The next shuttle flight, STS-114 aboard the Discovery orbiter, is slated to
launch no earlier than July 13, 2005.
"Last
Flight" follows not only those final moments of Columbia and its crew, but also
the exhaustive search for wreckage and the months of investigation that
followed.
Everything
from the anxiety of mission controllers - most of whom appear in archival
footage - described by spaceflight experts and astronauts, to a reenactment of
STS-107 commander Rick Husband fighting for control of the orbiter as it breaks
apart offer a poignant view of how NASA faces disaster. But much of the human
impact from "Last Flight" comes from STS-107 family members, such as Jon Clark -
husband to STS-107 mission specialist Laurel Clark.
"There were
several people who made great, erroneous errors," Jon Clark says in "Last
Flight." "You've got to look at those errors and rectify them.
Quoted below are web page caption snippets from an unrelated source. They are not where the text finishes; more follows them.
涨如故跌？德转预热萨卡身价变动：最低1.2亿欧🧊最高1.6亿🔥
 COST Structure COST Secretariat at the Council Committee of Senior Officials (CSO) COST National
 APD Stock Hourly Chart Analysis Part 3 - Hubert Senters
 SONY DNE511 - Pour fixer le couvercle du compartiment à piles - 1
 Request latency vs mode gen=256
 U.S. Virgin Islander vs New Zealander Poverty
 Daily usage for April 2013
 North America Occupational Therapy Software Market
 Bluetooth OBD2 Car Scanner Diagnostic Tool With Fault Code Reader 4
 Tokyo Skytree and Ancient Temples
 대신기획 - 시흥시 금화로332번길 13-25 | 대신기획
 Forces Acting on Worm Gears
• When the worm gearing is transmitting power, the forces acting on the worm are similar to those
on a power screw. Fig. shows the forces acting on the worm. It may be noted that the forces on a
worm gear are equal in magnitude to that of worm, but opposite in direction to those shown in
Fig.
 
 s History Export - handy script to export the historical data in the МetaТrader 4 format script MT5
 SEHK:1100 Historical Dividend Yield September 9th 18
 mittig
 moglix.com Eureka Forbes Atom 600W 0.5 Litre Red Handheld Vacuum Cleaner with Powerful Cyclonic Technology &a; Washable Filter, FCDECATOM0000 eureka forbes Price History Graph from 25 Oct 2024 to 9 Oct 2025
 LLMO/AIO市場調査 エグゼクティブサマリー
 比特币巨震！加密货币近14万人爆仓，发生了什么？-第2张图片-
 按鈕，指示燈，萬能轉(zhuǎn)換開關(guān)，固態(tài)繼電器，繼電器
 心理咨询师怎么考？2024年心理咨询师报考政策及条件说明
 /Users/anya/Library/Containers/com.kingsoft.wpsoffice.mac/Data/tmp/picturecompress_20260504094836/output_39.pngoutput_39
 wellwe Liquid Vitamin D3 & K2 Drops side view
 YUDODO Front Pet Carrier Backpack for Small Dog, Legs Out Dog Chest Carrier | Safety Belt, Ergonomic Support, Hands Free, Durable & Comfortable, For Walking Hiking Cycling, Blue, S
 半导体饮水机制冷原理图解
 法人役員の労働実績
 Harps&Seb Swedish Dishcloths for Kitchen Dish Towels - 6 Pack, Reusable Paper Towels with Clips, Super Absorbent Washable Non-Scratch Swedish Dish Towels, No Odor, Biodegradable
That is my hope
for human spaceflight."
While "Last
Flight" seems to speed through the five months of investigations, tests and
more tests by NASA and other investigators to identify the root causes of the
Columbia accident, it does highlight the space agency's non-mechanical
failings, such as a bogged-down culture that suffered from safety "blind spots."
But had NASA
officials fully known at the time that the damage sustained by Columbia at
launch could prove fatal, they would not have risked atmospheric reentry,
experts explain.
"We would
have done something," says retired U.S. Navy Adm. Hal Gehman, who led the
Columbia Accident Investigation Board, in "Last Flight."
Seconds
to Disaster: Columbia's Last Flight airs at 9:00 p.m. ET/PT on the National
Geographic Channel. Check local listings.